La décision de l'Union européenne de vouloir faire participer les grands acteurs du numérique au coût des infrastructures interroge les défenseurs de la neutralité du Net.
Thierry Breton, le commissaire européen chargé du marché intérieur, a annoncé que les grandes plateformes numériques devraient participer au coût des infrastructures de télécommunications à partir de la fin de l'année. Si cette décision peut être justifiée par des raisons d'équité, celles-ci représentant plus de 50 % de la bande passante mondiale, elle pourrait remettre en cause la neutralité du Net, pourtant consacrée dans l'Union européenne.
Qu'est-ce que la neutralité du Net ?
La neutralité du Net, l'un des principes fondateurs d'Internet tel qu'il a été pensé, est le principe selon lequel tous les contenus et tous les utilisateurs doivent pouvoir bénéficier équitablement de ses infrastructures. Cela signifie notamment que les fournisseurs ont l'obligation de traiter tout le trafic de façon égale et sans discrimination.
Ce principe, qui est loin d'être respecté partout dans le monde, est censé être appliqué dans l'Union européenne depuis 2015 et l'adoption d'un règlement relatif à l'Internet ouvert. La Cour de justice européenne l'a même consacré dans un arrêt du mardi 15 septembre 2020. Dans les faits, cet arrêt interdit à tout fournisseur d'accès internet de privilégier certains services si leurs concurrents sont bloqués ou limités.
Les géants du numérique vont devoir mettre la main à la poche : quid de la neutralité du Net ?
Cette décision de l'Union européenne en a donc surpris plus d'un, car l'obligation de participation aux infrastructures appliquée uniquement à certains acteurs constitue une différenciation nette par rapport aux plus petites plateformes. Et s'il existe déjà des exceptions permettant une discrimination d'accès pour certains services, ces règles sont précises et bien cadrées. Un précédent arrêt de la CJE avait d'ailleurs précisément statué sur l'interdiction d'un traitement différencié pour des raisons purement commerciales.
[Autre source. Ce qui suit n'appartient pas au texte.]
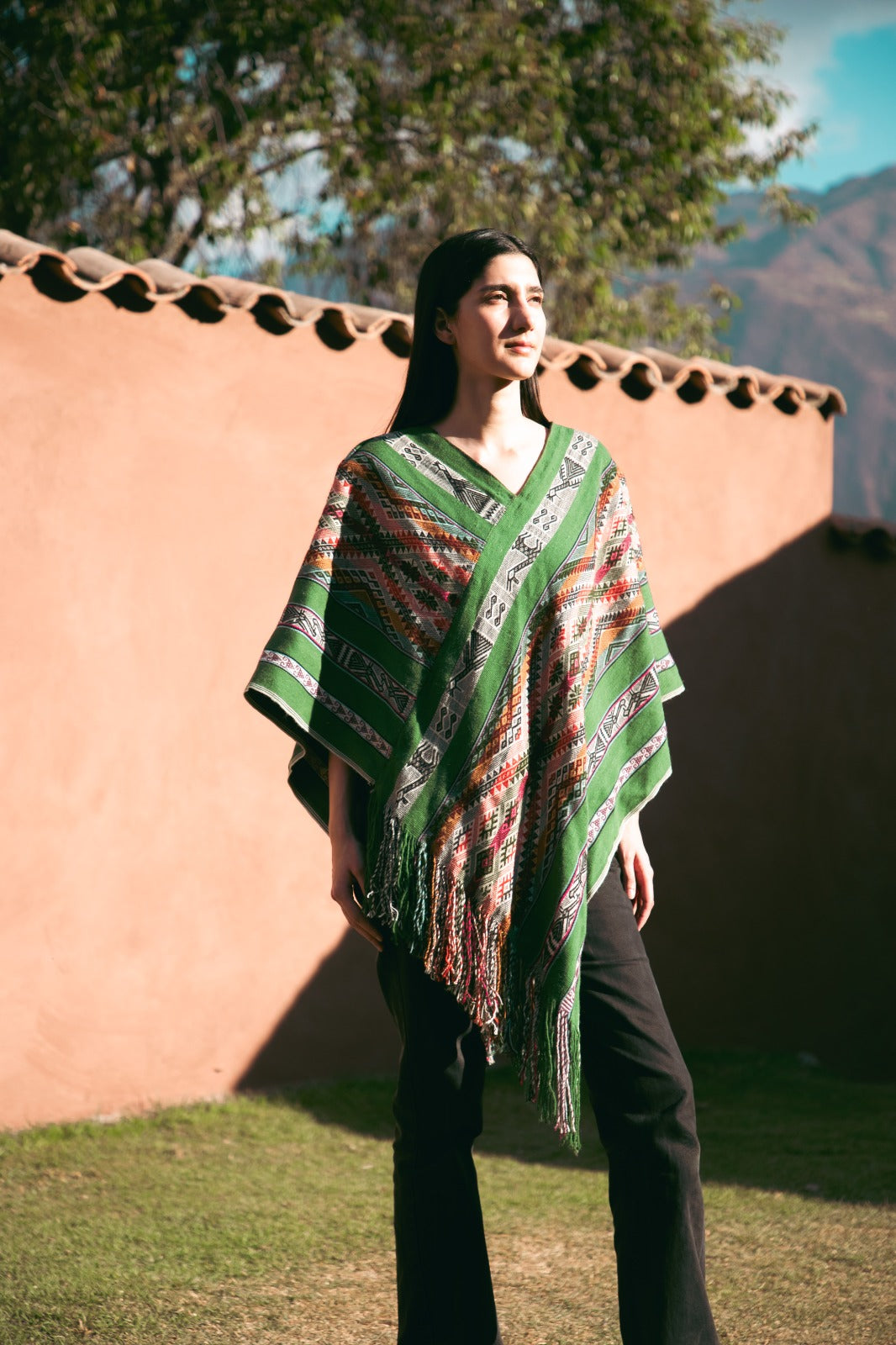 Poncho Alpaca Green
Si cette décision venait à être appliquée se poserait une autre question : est-il concevable que les quelques plateformes concernées acceptent de payer sans aucune contrepartie ? Ou cet accroc dans la neutralité du Net leur permettrait-il d'exiger un traitement préférentiel de leurs propres services ?
Thierry Breton se justifie ainsi : « Les règles en place depuis vingt ans s'essoufflent et les opérateurs n'ont plus le bon retour sur leurs investissements. Il est nécessaire de réorganiser la juste rémunération des réseaux ». Reste donc à voir si ce revirement est une mise à jour nécessaire de règles vieillissantes ou, au contraire, un abandon par l'Union européenne d'un principe qu'elle s'était elle-même imposée.